The above is compounded by the fact that I don't eat out at 'fine dining establishments' on a regular basis. The money thing again. It occurs to me that part of why I get annoyed with the Slow Food Movement is that they're approaching food like chefs, whereas I have to approach it like a working woman who cooks, and our perspectives are too far out of alignment. It's like they're speaking Esperanto, while I'm still pounding rocks together. But that's another problem.
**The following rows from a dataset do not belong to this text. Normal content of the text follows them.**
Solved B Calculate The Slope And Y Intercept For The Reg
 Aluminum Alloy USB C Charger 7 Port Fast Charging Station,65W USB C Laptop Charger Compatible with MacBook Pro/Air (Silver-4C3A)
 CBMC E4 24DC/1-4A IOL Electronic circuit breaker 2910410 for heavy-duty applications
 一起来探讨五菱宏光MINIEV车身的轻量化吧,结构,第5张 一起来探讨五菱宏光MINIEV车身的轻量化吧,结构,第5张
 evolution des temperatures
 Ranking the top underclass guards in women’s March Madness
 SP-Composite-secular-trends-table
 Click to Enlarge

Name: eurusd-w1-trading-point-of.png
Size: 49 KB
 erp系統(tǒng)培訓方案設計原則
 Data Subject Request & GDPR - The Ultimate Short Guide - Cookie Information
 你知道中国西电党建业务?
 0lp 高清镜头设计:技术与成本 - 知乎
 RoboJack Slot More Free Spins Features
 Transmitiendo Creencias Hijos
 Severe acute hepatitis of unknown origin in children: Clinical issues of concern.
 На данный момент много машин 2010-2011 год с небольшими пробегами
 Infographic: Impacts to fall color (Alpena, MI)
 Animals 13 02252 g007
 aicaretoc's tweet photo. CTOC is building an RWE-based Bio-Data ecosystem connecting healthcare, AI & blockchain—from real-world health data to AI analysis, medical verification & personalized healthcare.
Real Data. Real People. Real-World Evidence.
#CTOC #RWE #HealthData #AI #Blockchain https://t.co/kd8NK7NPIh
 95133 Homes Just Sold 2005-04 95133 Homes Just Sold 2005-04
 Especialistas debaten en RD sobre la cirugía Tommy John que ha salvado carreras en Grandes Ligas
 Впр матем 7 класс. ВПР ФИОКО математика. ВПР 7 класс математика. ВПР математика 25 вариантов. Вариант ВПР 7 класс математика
So 'Top Chef' baffles me more than it inspires me, and I didn't spend a whole lot of time paying close attention to most of what went on, though I did watch the Thanksgiving dinner episode because Anthony Bourdain was the guest judge (and he did not disappoint. There was a splendid moment when, after being presented with a plate of 3 white mushy starchy things, Bourdain turned to Colicchio and asked 'What kind of crackhouse are you running here?')
But yeah ... baffled. The instructions were to create a 'cutting edge' Thanksgiving dinner, incorporating the flavours of traditional Thanksgiving with avant-garde techniques and presentations. And while I can grasp 'avant-garde' in the context of fashion, I am unclear as to what that means in the realm of food.
I do get that sous-vide and 'foams' are currently trendy. Though I have pinned down that the whole sous-vide thing reminds me entirely too much of the old Daisy Seal-a-Meals of the late 70s and early 80s, and that's part of why I can't take it seriously. And foams are just silly. Flavoured air makes about as much sense as the 'three artfully arranged green beans with a drizzle of sauce' platings of the '80s.
But I could still sorta get why cranberry foam and sous-vide roulades were deemed acceptably cutting edge. The trendiness of the technique was what carried those things. The rest of it though -- really hard for me to tell what was going to meet that 'avant-garde' mark. Or how, if it wasn't, you could have improved it. Or at least made it cutting edge. The mushroom soup prepared by one contestant was deemed the best dish of the night, but it wasn't considered 'cutting edge.' What makes a mushroom soup cutting edge, anyway?
Likewise the whole dessert thing left me a little confused. I understood the critique that people have been offering flavoured crèmes brulées in restaurants for at least 10 years now, so pumpkin crème brulée did not meet the criteria. But what would be sufficiently avant-garde? If I put a tiny portion of pumpkin custard in an espresso cup and served it on a square plate with a shortbread petticoat tail and a small dollop of whipped cream and called it a deconstructed pumpkin pie, would that work? (I could even build up a whole case for the petticoat tail recalling the shape of a slice of traditional pumpkin pie and possibly make myself look witty. Or like I was trying too hard).
Would it help if instead of generic pumpkin, I used some kind of obscure heirloom squash? Limited my spice palette to, say, nutmeg? Spiced the whipped cream instead of the custard? What are the rules here, anyway?